Wspomnienia o przedwojennej Warszawie. Miejsce kiedyś szczelnie zabudowane wysokimi kamienicami, dziś zajmuje Pałac Kultury i Nauki.
zobacz więcej
Systematyczny upadek
Po śmierci Jana III Sobieskiego i wyjeździe Marii Kazimiery Marywil stał się własnością ich najstarszego syna Jakuba, który w 1729 roku przekazał go w dzierżawę Augustowi II Mocnemu. Po przeprowadzonych przebudowach znalazła tam swoją siedzibę Królewska Gwardia Grandmuszkieterów. Obszerny dziedziniec był doskonałym miejscem wojskowych parad. Odbywały się tu również dworskie uroczystości oraz przedstawienia teatralne. W tym czasie Marywil przestał być centrum handlowym, a stał kulturalnym. – Czasy świetności dość szybko minęły i było to trochę zapuszczone miejsce. Stanowił problem dla miasta, ponieważ szpecił, nie spełniając pierwotnej funkcji – zauważa autorka książki.

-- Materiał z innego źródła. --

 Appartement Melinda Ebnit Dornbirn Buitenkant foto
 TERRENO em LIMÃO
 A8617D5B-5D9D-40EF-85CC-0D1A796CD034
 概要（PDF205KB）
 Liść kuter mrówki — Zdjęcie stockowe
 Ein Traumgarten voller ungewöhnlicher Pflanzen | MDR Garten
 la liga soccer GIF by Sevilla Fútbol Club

W 1738 roku jego właścicielem został Andrzej Stanisław Załuski, który właśnie tu postanowił ulokować swoją słynną bibliotekę, a następnie został odkupiony przez Antoninę Zamoyską, która oddała go na własność klasztorowi Panien Kanoniczek. Znaczną cześć Marywilu nadal dzierżawiono kupcom oraz wynajmowano mieszkania, co pozwalało pomnażać budżet zgromadzenia. Po ich przenosinach do kościoła św. Andrzeja, Marywil w 1825 roku został rozebrany w związku z budową Teatru Wielkiego, który otwarto w 1833.

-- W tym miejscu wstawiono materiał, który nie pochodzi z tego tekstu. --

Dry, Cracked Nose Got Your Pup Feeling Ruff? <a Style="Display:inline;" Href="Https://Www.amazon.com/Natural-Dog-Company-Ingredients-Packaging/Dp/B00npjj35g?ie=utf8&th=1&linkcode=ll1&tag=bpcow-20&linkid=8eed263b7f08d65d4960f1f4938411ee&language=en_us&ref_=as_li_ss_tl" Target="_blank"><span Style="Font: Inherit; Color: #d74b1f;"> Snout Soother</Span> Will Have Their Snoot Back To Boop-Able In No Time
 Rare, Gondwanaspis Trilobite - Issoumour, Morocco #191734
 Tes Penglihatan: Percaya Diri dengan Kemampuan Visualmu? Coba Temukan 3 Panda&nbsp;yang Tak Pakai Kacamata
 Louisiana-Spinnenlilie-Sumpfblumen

W Angielskim mieszkał Napoleon
W tym czasie w warszawskiej ofercie znajdowały się już inne hotele, powstałe pod koniec XVIII wieku. Szczególną uwagę przykuwał ten zlokalizowany przy ul. Wierzbowej 6. Hotel od 1792 roku funkcjonował w dawnym pałacu Stefana Wierzbowskiego, biskupa poznańskiego, od 1797 pod nazwą Hôtel d'Prusse (Hotel Pruski). Sześć lat później kupił go restaurator Tomasz Gąsiorowski i przemianował na Angielski. Od zawsze słynął on z bardzo dobrej restauracji, ale nie z tego powodu przeszedł do historii.
W 1812 roku po sromotnej klęsce w Rosji przebywał w nim cesarz Napoleon Bonaparte, który w drodze do Paryża, zatrzymał się w Warszawie na kilka dni. Zajął 3-pokojowy apartament pod numerem 4. – Choć pojawił się incognito i zameldował pod nieswoim nazwiskiem, został rozpoznany. Później hotel przez wiele lat budował na tym swój prestiż i reklamę – zauważa Sylwia Zientek. Długo jeszcze przechowywano kominek, przy którym się grzał i używane przez niego sprzęty. Wśród innych znamienitych gości znaleźli się m.in. Alojzy Feliński, Aleksander Fredro, Józef Poniatowski czy Jan Śniadecki.
Jak przyznaje autorka „Hotelu Varsovie. Klątwy lutnisty” hotele często zmieniały nazwy oraz właścicieli, podobnie było z Angielskim. Pałac, w którym się mieścił w rodzinie Gąsiorowskich pozostawał do roku 1860, a potem należał kolejno do Leona i Samuela Löwenbergów, bankierów Stanisława Rotwanda i Hipolita Wawelberga. W 1873 hotel miał już wanny, a w latach 1878-1881 mieścił się tam także konsulat Hiszpanii. W 1912 Hotel Angielski i restaurację objął Józef Jordan i postanowił lokal przywrócić do dawnego życia. Później, aż do wybuchu II wojny światowej kolejnymi zarządcami hotelu została rodzina Wysakowskich i Jan Pobratyn. Budynek został zniszczony we wrześniu 1939, a następnie rozebrany w czasie okupacji.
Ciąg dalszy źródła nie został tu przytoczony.